I decided to make up a fattie for the weekend.  I thought I would try green pepper, onion, mushrooms sauted with a little bit of Jeff's BBQ sauce.  Here it is








I found this at my butchers so I thought I would try it out in a fattie.







Next I sauted onions, green pepper, onion with some of Jeff's BBQ.  I also added a few shakes of homemade chipotle powder to give it a bit of a kick.







After the mixture cooled I put in on the sausage.







Then I added some smoked Moz and sharp cheddar that I had in the fridge!

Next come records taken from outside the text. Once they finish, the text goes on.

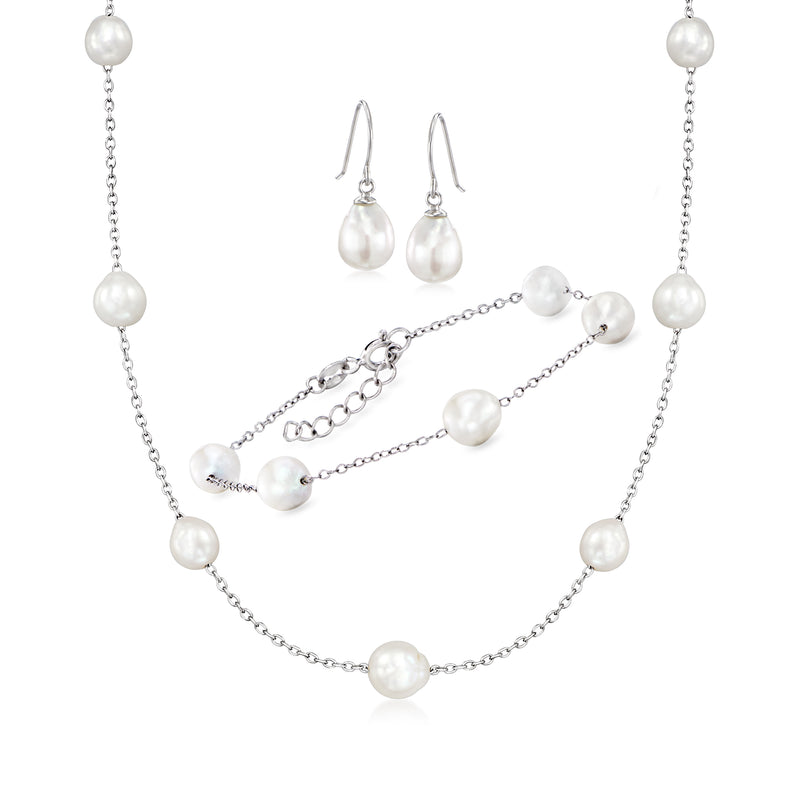 Sterling silver pearl jewelry set: necklace, bracelet and drop earrings
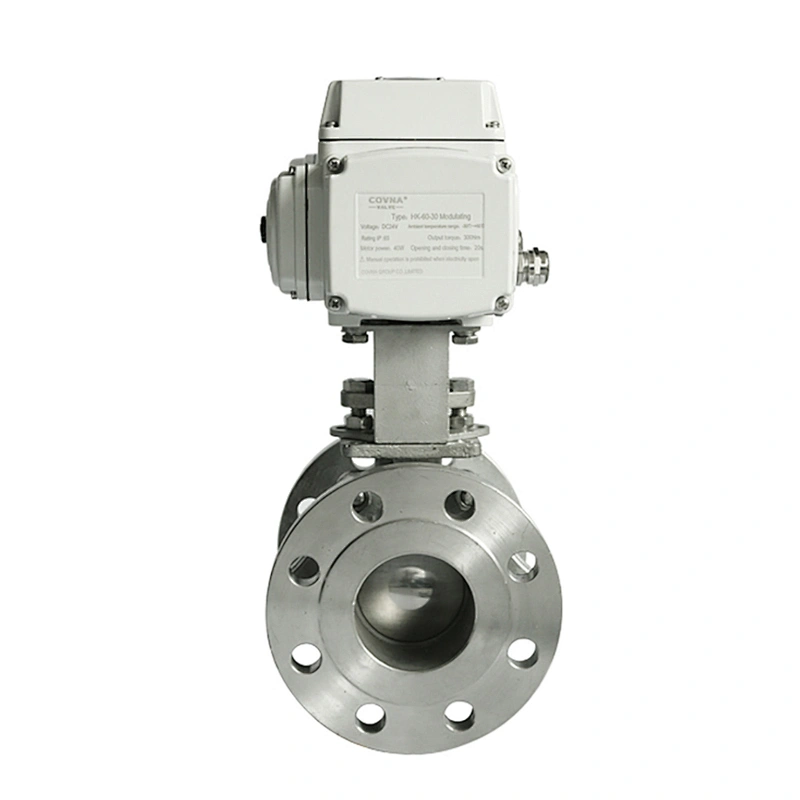 AC 220V Flanged Stainless Steel Motorized Electric Actuated Ball Valve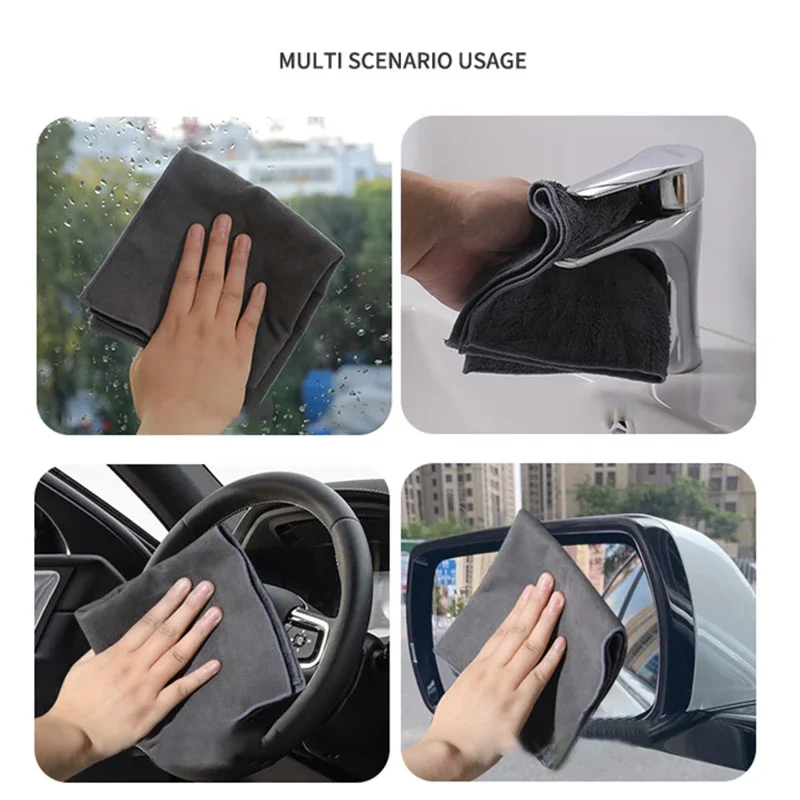 Doube-sided Car Wash Towel for Glass Window Suede Coral Fleece Car Cleaning Drying Cloth No Water Marks Lint-free Auto Wash Tool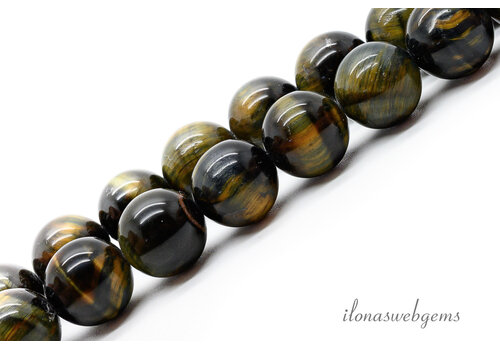 Tijgeroog kralen Blauw/Geel  rond ca. 12mm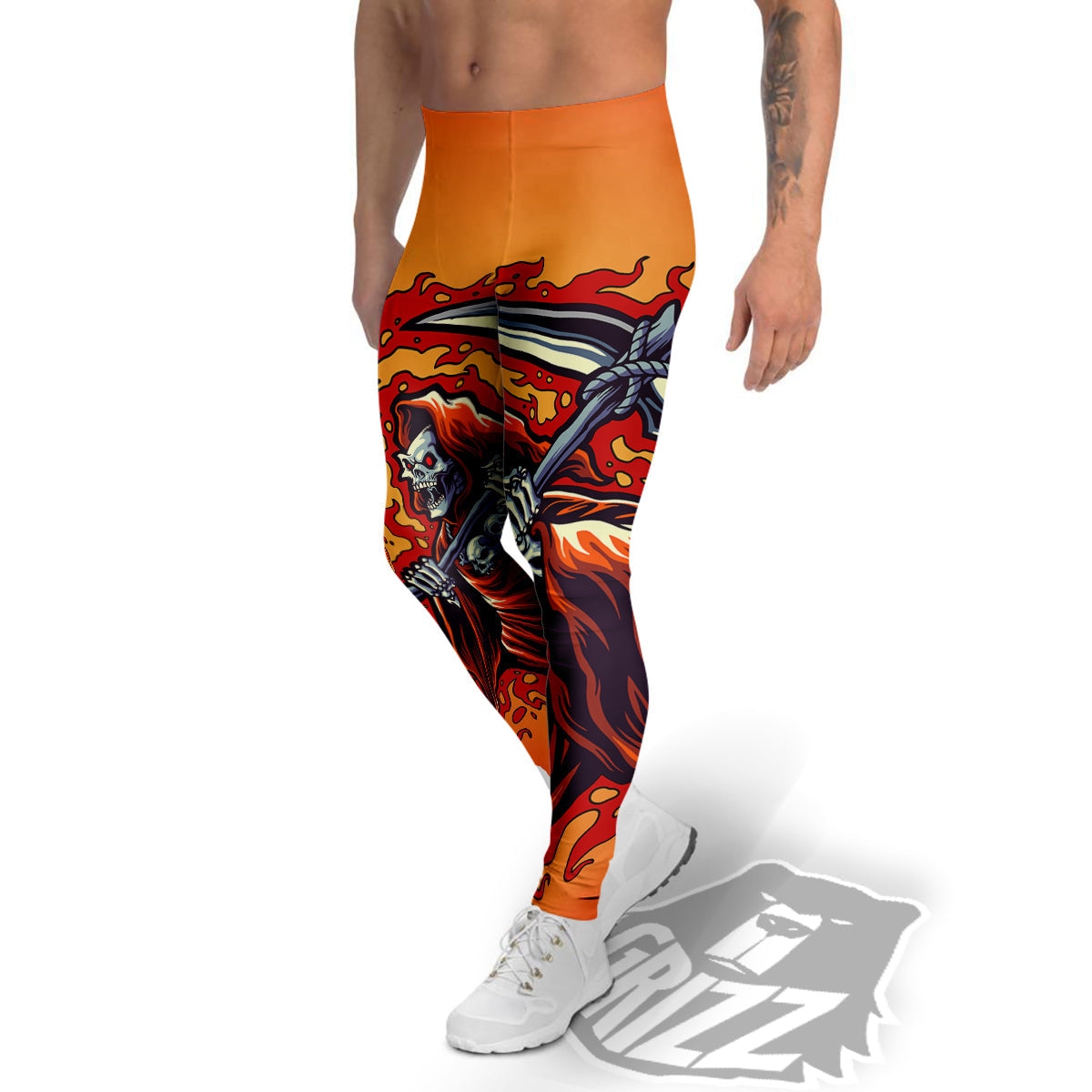 Grim Reaper And Fire Print Men's Leggings-grizzshop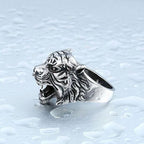 Stylish Gothic Punk Biker Antique Retro Vintage Oxidise Silver Stainless Steel Tiger Lion Head Ring
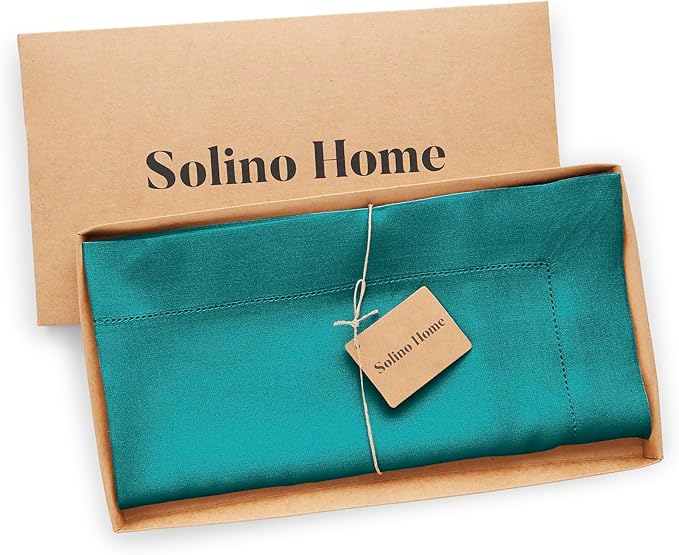 Solino Home Linen Tablecloth 60 x 156 Inch - Classic Hemstitch 100% Pure Linen Teal Table Cloth for Rectangle Tables - Machine Washable Tablecloth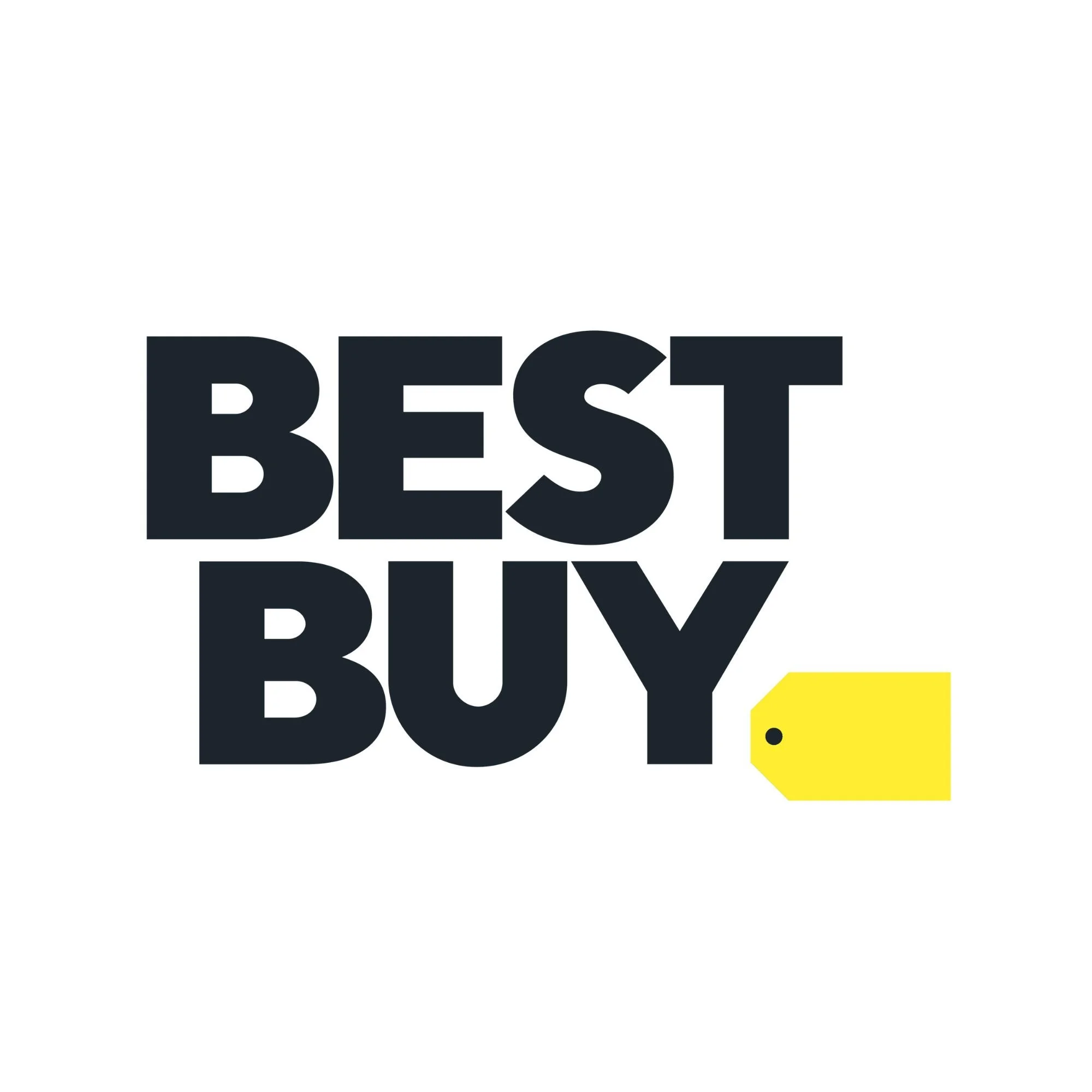 Text reading 'Best Buy' with a yellow price tag icon to the right.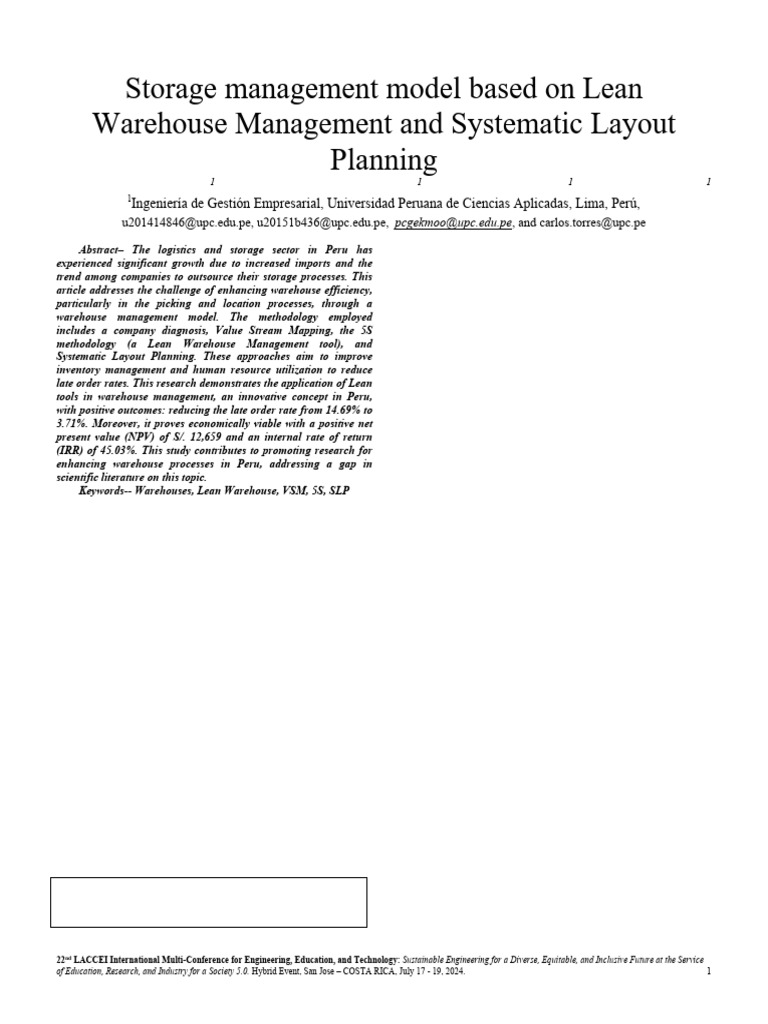 Lean Warehouse Management Model in Peru | PDF | Lean Manufacturing ...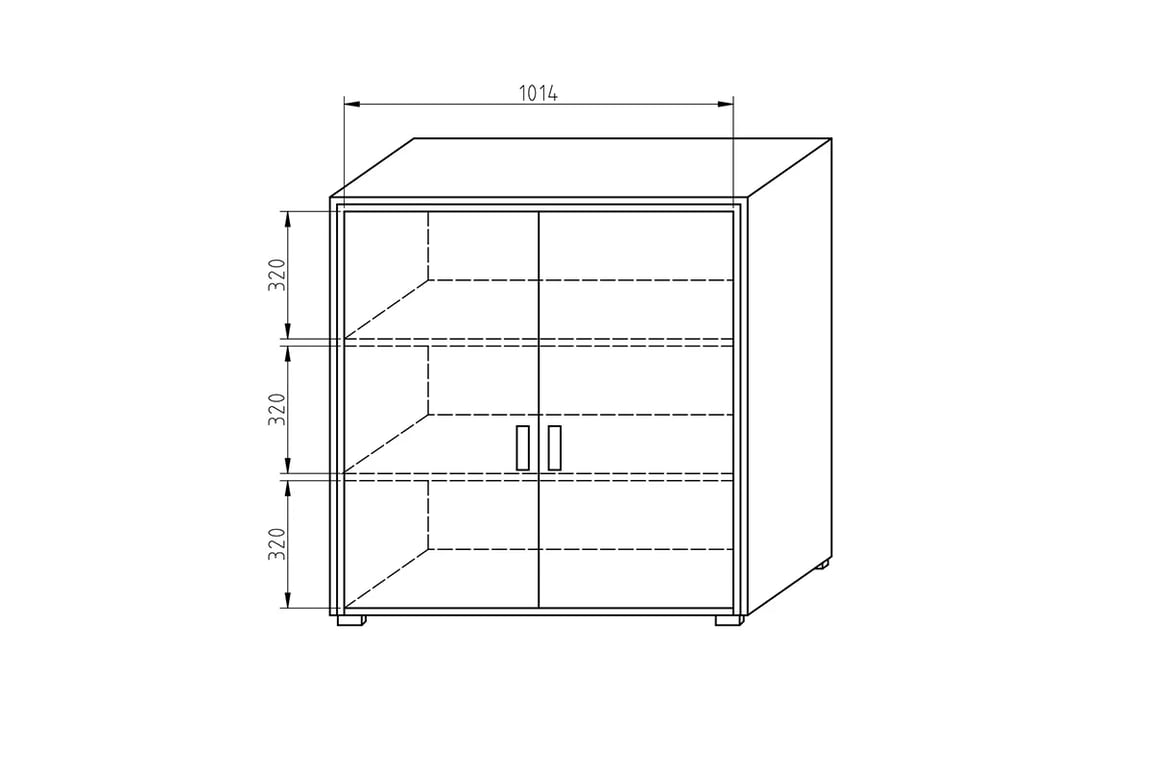 Kancelářská skříňka Offi 105 cm Skříňka biurowa dwurzwiowa Offi OF-DR1 Rozměry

Rolled up and ready for some bacon!







Bacon weave added and ready for the smoker.  This one will be going on later today will post some pictures after the weekend!!!


----------



## rbranstner (Oct 14, 2011)

Looking good. I haven't smoked a fatty in so long. I should probably throw one on this weekend when my smoker is running.


----------



## ptcruiserguy (Oct 14, 2011)

Dang, now that is a nice lookin fattie. Think I could get ya to come here and roll me a couple?? lol

I like the ingredients you put in there. I think I need to smoke another fattie!!

Happy Smokin'

Mike


----------



## bluebombersfan (Oct 14, 2011)

ptcruiserguy said:


> Dang, now that is a nice lookin fattie. Think I could get ya to come here and roll me a couple?? lol
> 
> I like the ingredients you put in there. I think I need to smoke another fattie!!
> 
> ...


HAHAHAHAHAH!!  Thanks.


----------



## Bearcarver (Oct 14, 2011)

Beautiful Job, Bomber !!!!

Thanks for showing!

Bear


----------



## SmokinAl (Oct 14, 2011)

Great start!

Can't wait for the finish!


----------



## bluebombersfan (Oct 14, 2011)

Bearcarver said:


> Beautiful Job, Bomber !!!!
> 
> Thanks for showing!
> 
> Bear


Thanks Bear!!!


----------



## bluebombersfan (Oct 14, 2011)

SmokinAl said:


> Great start!
> 
> Can't wait for the finish!


Thanks Al, will post after the weekend!


----------



## boykjo (Oct 14, 2011)

Thats a fine looking fattie so far blue............................


----------



## mballi3011 (Oct 14, 2011)

Nice Fattie Dude


----------